See String#downcase for meaning of options and use with different encodings.

"Hello".swapcase          #=> "hELLO"
"cYbEr_PuNk11".swapcase   #=> "CyBeR_pUnK11"

# File 'string.c', line 6967

static VALUE
rb_str_swapcase(int argc, VALUE *argv, VALUE str)
{
    rb_encoding *enc;
    OnigCaseFoldType flags = ONIGENC_CASE_UPCASE | ONIGENC_CASE_DOWNCASE;
    VALUE ret;

    flags = check_case_options(argc, argv, flags);
    enc = str_true_enc(str);
    if (RSTRING_LEN(str) == 0 || !RSTRING_PTR(str)) return str;
    if (flags&ONIGENC_CASE_ASCII_ONLY) {
        ret = rb_str_new_with_class(str, 0, RSTRING_LEN(str));
        rb_str_ascii_casemap(str, ret, &flags, enc);
    }
    else {
        ret = rb_str_casemap(str, &flags, enc);
    }
    return ret;
}

#swapcase! ⇒ `String`^? #swapcase!([options]) ⇒ `String`^?

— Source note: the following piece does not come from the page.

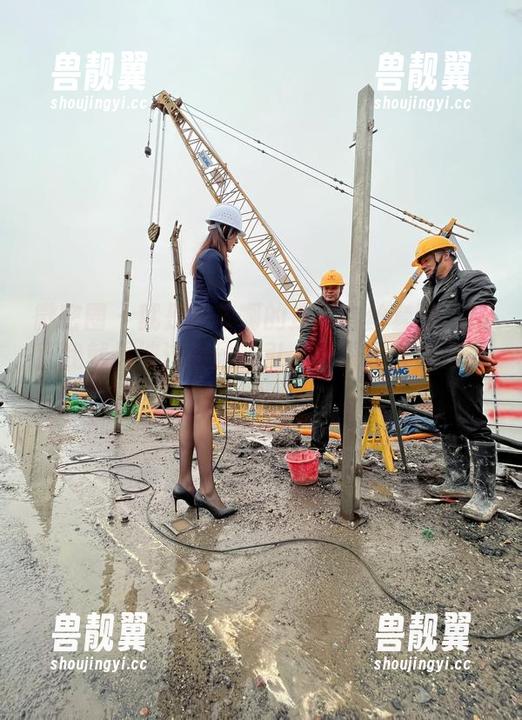 微密圈 - 就是阿朱啊的连体白丝套图：反正我就是被这白丝吸引，不是我太肤浅吧？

Equivalent to String#swapcase, but modifies the receiver in place, returning str, or nil if no changes were made.

See String#downcase for meaning of options and use with different encodings.

# File 'string.c', line 6934

static VALUE
rb_str_swapcase_bang(int argc, VALUE *argv, VALUE str)
{
    rb_encoding *enc;
    OnigCaseFoldType flags = ONIGENC_CASE_UPCASE | ONIGENC_CASE_DOWNCASE;

    flags = check_case_options(argc, argv, flags);
    str_modify_keep_cr(str);
    enc = str_true_enc(str);
    if (flags&ONIGENC_CASE_ASCII_ONLY)
        rb_str_ascii_casemap(str, str, &flags, enc);
    else
	str_shared_replace(str, rb_str_casemap(str, &flags, enc));

    if (ONIGENC_CASE_MODIFIED&flags) return str;
    return Qnil;
}

#to_c ⇒ `Object`

Returns a complex which denotes the string form. The parser ignores leading whitespaces and trailing garbage. Any digit sequences can be separated by an underscore. Returns zero for null or garbage string.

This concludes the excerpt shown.